═════ Records provided

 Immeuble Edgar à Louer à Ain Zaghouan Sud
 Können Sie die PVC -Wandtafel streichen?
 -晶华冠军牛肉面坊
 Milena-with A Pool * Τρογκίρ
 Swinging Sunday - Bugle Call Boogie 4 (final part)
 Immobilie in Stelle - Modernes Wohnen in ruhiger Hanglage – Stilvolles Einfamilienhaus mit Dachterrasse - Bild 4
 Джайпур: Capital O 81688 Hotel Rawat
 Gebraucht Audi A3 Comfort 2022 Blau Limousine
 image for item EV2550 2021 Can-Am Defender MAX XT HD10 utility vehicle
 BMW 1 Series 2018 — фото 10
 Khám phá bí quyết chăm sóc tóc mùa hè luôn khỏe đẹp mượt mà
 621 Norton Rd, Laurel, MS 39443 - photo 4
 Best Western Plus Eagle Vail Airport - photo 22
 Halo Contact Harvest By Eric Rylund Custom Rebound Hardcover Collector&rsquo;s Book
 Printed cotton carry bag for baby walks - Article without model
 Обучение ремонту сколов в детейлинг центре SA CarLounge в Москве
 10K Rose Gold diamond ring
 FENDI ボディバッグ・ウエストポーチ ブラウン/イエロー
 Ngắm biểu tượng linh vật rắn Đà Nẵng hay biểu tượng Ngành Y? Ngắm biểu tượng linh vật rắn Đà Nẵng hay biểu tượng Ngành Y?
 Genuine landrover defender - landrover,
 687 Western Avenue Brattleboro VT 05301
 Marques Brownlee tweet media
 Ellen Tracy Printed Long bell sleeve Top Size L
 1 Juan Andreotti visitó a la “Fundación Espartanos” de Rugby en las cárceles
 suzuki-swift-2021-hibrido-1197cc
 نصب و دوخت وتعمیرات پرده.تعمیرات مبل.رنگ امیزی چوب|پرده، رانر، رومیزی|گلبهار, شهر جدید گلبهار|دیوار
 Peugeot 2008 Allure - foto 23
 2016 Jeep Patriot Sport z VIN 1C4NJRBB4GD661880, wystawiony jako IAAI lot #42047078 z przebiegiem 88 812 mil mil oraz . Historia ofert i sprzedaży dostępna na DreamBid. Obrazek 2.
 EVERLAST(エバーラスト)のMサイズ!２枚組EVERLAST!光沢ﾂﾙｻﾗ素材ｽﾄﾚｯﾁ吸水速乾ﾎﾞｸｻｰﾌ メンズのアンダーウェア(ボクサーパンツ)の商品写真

══════════

* [Action item]
Out of the records above, pull the lines that include the word "Western".

* [Exercise response]
 Best Western Plus Eagle Vail Airport - photo 22
 687 Western Avenue Brattleboro VT 05301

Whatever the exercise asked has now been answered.